What to work on
Every record is to be copied unchanged, except that its pictures are removed.
*** Supplied data Section Begins ***
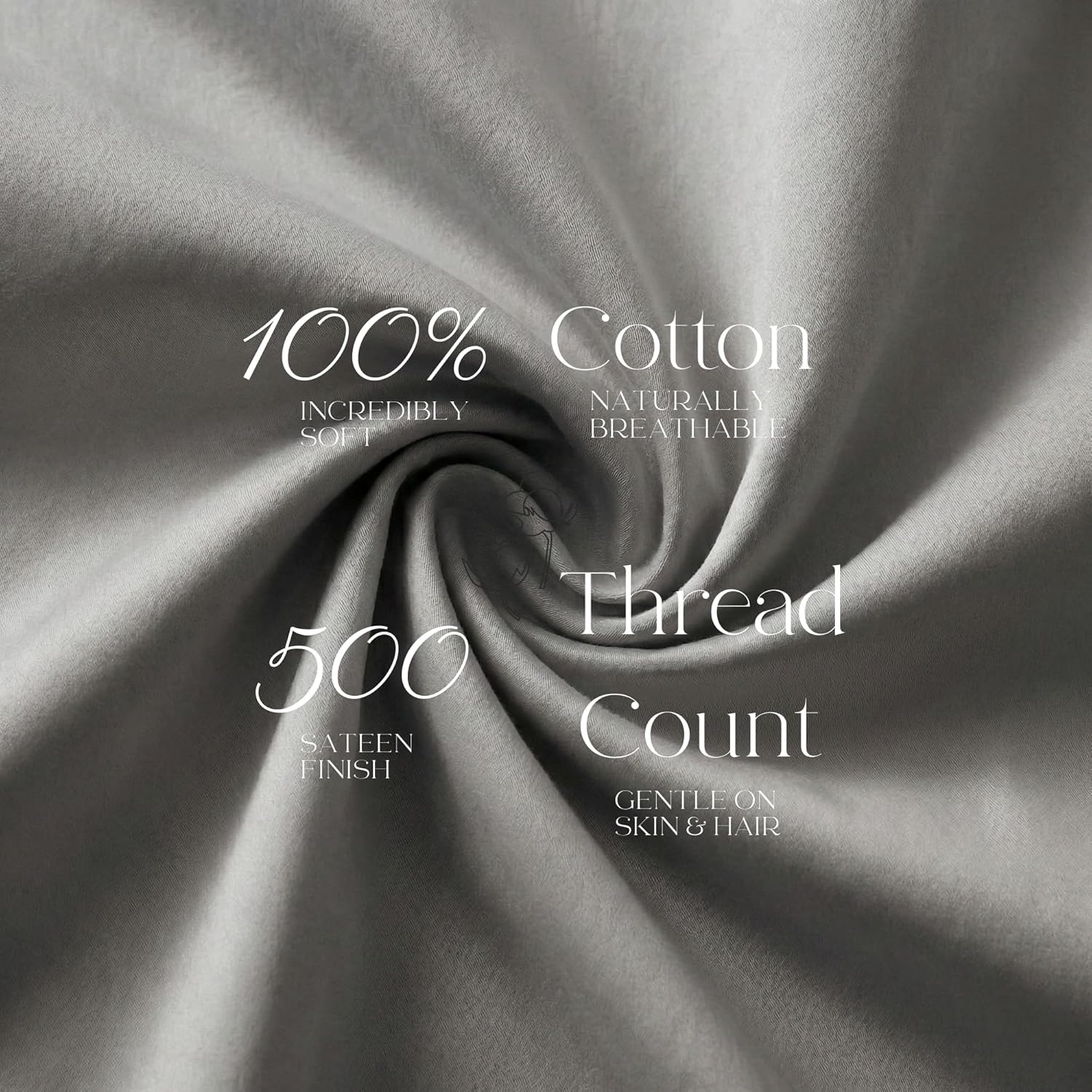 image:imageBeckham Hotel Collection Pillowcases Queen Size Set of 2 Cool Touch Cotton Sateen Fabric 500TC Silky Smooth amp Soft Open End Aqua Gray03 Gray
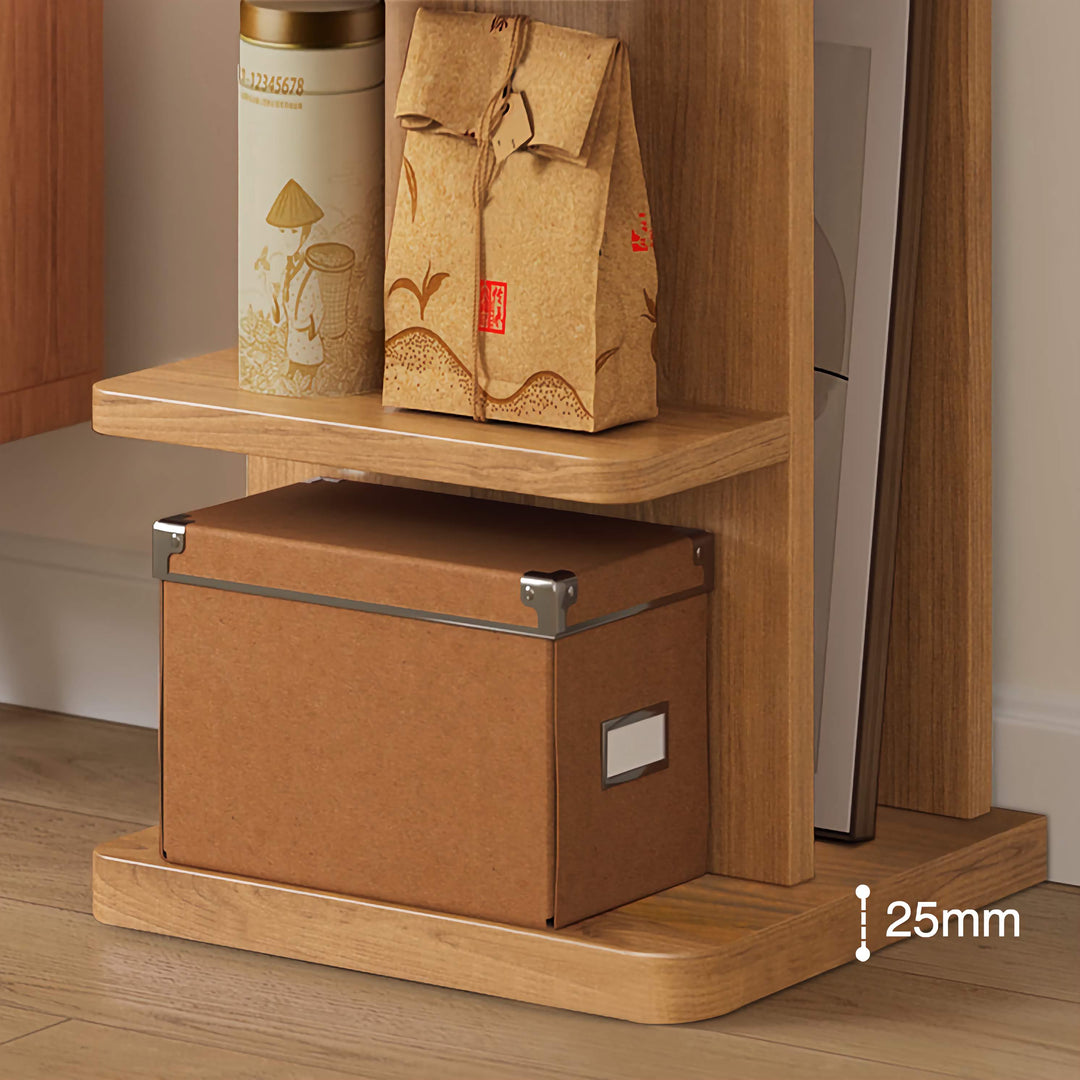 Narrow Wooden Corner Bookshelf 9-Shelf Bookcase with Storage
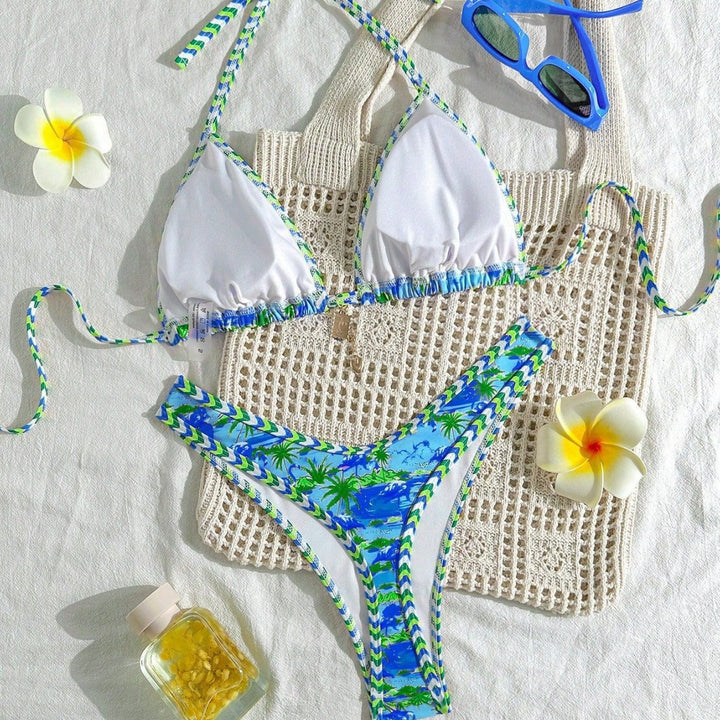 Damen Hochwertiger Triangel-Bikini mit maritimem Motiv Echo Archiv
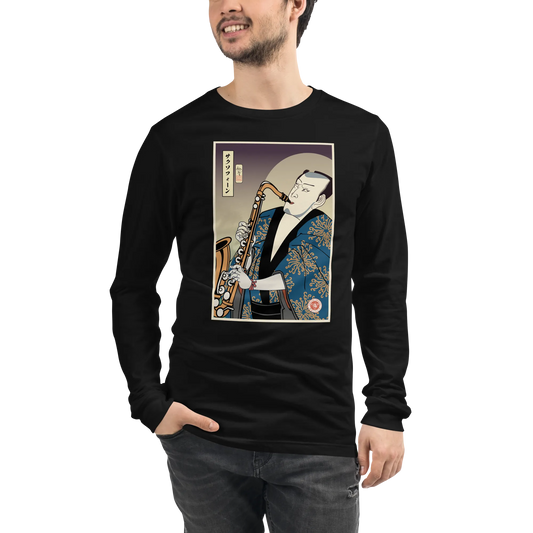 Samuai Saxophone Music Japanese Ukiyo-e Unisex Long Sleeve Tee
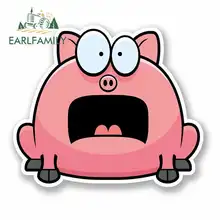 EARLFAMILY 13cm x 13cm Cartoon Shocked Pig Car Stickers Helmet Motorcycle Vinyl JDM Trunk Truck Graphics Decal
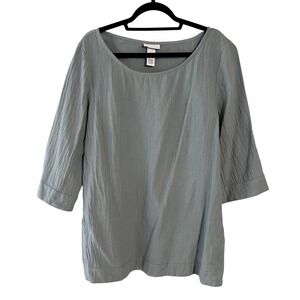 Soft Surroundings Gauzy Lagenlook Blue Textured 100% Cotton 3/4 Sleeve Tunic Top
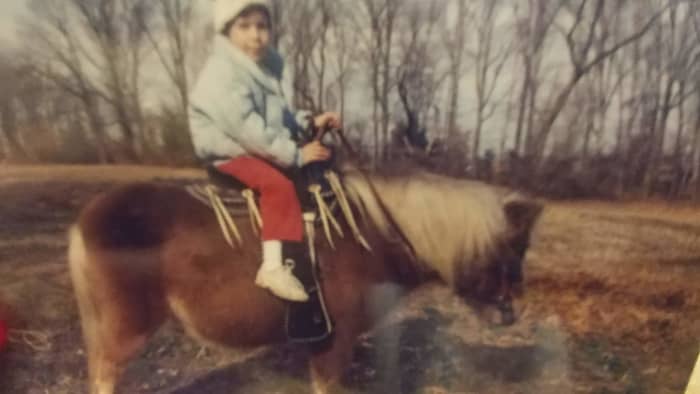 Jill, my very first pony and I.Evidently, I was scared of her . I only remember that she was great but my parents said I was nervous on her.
*** Supplied data Section Ends ***
Result
 image:imageBeckham Hotel Collection Pillowcases Queen Size Set of 2 Cool Touch Cotton Sateen Fabric 500TC Silky Smooth amp Soft Open End Aqua Gray03 Gray
 Narrow Wooden Corner Bookshelf 9-Shelf Bookcase with Storage
 Damen Hochwertiger Triangel-Bikini mit maritimem Motiv Echo Archiv
 Samuai Saxophone Music Japanese Ukiyo-e Unisex Long Sleeve Tee
 EARLFAMILY 13cm x 13cm Cartoon Shocked Pig Car Stickers Helmet Motorcycle Vinyl JDM Trunk Truck Graphics Decal
 Soft Surroundings Gauzy Lagenlook Blue Textured 100% Cotton 3/4 Sleeve Tunic Top
 Jill, my very first pony and I.Evidently, I was scared of her . I only remember that she was great but my parents said I was nervous on her.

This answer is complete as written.